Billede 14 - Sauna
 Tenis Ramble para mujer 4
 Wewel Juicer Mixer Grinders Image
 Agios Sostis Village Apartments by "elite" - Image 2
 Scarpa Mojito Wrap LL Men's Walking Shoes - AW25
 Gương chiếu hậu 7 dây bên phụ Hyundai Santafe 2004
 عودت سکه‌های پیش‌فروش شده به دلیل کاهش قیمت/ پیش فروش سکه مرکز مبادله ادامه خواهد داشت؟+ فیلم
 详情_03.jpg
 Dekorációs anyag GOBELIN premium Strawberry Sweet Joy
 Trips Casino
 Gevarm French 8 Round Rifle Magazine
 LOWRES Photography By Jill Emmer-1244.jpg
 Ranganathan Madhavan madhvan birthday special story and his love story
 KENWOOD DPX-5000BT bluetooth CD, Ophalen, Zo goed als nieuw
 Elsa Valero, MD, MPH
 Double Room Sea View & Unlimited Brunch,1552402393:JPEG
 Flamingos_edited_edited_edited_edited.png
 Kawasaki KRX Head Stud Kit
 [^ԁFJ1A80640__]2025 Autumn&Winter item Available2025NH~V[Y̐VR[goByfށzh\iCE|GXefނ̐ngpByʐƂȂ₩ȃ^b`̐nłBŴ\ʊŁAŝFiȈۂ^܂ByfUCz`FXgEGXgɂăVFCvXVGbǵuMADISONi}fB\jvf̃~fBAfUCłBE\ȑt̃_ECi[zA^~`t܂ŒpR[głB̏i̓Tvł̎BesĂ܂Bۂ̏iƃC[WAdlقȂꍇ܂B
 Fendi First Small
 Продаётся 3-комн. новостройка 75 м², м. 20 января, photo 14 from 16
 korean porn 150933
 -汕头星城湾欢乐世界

▶ **What you have to do**:
Please give the full set of data again exactly.

▶ **Exercise output**:
Billede 14 - Sauna
 Tenis Ramble para mujer 4
 Wewel Juicer Mixer Grinders Image
 Agios Sostis Village Apartments by "elite" - Image 2
 Scarpa Mojito Wrap LL Men's Walking Shoes - AW25
 Gương chiếu hậu 7 dây bên phụ Hyundai Santafe 2004
 عودت سکه‌های پیش‌فروش شده به دلیل کاهش قیمت/ پیش فروش سکه مرکز مبادله ادامه خواهد داشت؟+ فیلم
 详情_03.jpg
 Dekorációs anyag GOBELIN premium Strawberry Sweet Joy
 Trips Casino
 Gevarm French 8 Round Rifle Magazine
 LOWRES Photography By Jill Emmer-1244.jpg
 Ranganathan Madhavan madhvan birthday special story and his love story
 KENWOOD DPX-5000BT bluetooth CD, Ophalen, Zo goed als nieuw
 Elsa Valero, MD, MPH
 Double Room Sea View & Unlimited Brunch,1552402393:JPEG
 Flamingos_edited_edited_edited_edited.png
 Kawasaki KRX Head Stud Kit
 [^ԁFJ1A80640__]2025 Autumn&Winter item Available2025NH~V[Y̐VR[goByfށzh\iCE|GXefނ̐ngpByʐƂȂ₩ȃ^b`̐nłBŴ\ʊŁAŝFiȈۂ^܂ByfUCz`FXgEGXgɂăVFCvXVGbǵuMADISONi}fB\jvf̃~fBAfUCłBE\ȑt̃_ECi[zA^~`t܂ŒpR[głB̏i̓Tvł̎BesĂ܂Bۂ̏iƃC[WAdlقȂꍇ܂B
 Fendi First Small
 Продаётся 3-комн. новостройка 75 м², м. 20 января, photo 14 from 16
 korean porn 150933
 -汕头星城湾欢乐世界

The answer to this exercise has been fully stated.